When the KNIFE team moved out from their positions, they were swept with automatic-weapons fire from men shooting on reflex. Those soldiers who had them tossed smoke and CS tear-gas grenades to conceal their departure, but the sparkling of the pyrotechnics merely gave the other side a point of aim, and each drew the fire from a dozen weapons. Two were killed, and another two wounded as a direct result of doing what they'd been taught to do. Ramirez had done a stellar job of maintaining control of his unit to this point, but it was here that he lost it. The radio earpiece started crackling with an unfamiliar voice.
"This is KNIFE," he said, standing erect. "VARIABLE, where the hell are you?"
"Overhead, we are overhead. What is your situation, over?"
"We're in deep shit, falling back to the LZ now, get down here,
"Negative, negative. KNIFE, we cannot come in now. You must get clear, you must get clear. Acknowledge!" Clark told the radio. No reply. He repeated the instructions and again there was nothing.
And now there were only eight left of what had once been twenty-two men. Ramirez was carrying a wounded man, and his earpiece had fallen out as he ran for the LZ, two hundred meters up the hill, through one last stand of trees into the clearing where the helicopter would come.

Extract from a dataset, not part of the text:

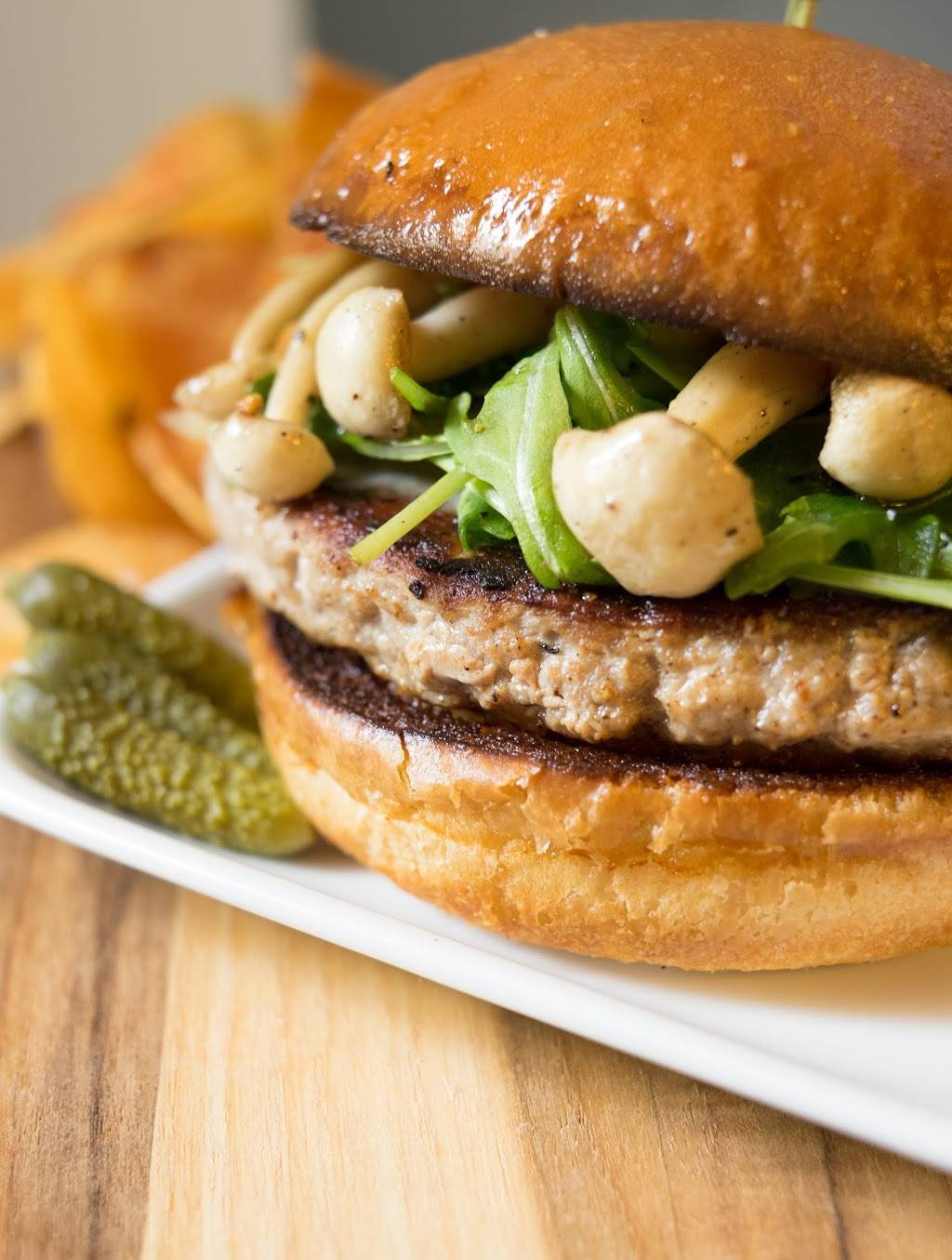 Bistro Menil | restaurant | 1513 W Alabama St, Houston, TX 77006, USA | 7139043537 OR +1 713-904-3537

But it didn't. Ramirez set his burden down, looking up at the sky with his eyes, then with his goggles, but there was no helicopter, no flash of strobe lights, no heat from turboshaft engines to light up the night sky. The captain yanked the earpiece out of the radio and screamed into it.
"VARIABLE, where the hell are you?"
"KNIFE, this is VARIABLE. We are orbiting your position in a fixed-wing aircraft. We cannot execute a pickup until tomorrow night. You must get clear, you must get clear. Acknowledge!"
"There's only eight of us left, there's only -" Ramirez stopped, and his humanity returned one last, lethal time. "Oh, my God." He hesitated, realizing that most of his men were gone, and he had been their commander, and he was responsible. That he wasn't, really, was something he would never learn.
The enemy was approaching now, approaching from three sides. There was only one way to escape. It was a preplanned route, but Ramirez looked down at the man he'd carried to the LZ and watched him die. He looked up again, looked round at his men, and didn't know what to do next. There wasn't time for training to work. A hundred meters away, the first of the enemy force emerged from the last line of trees and fired. His men returned it, but there were too many and the infantrymen were down to their last magazines.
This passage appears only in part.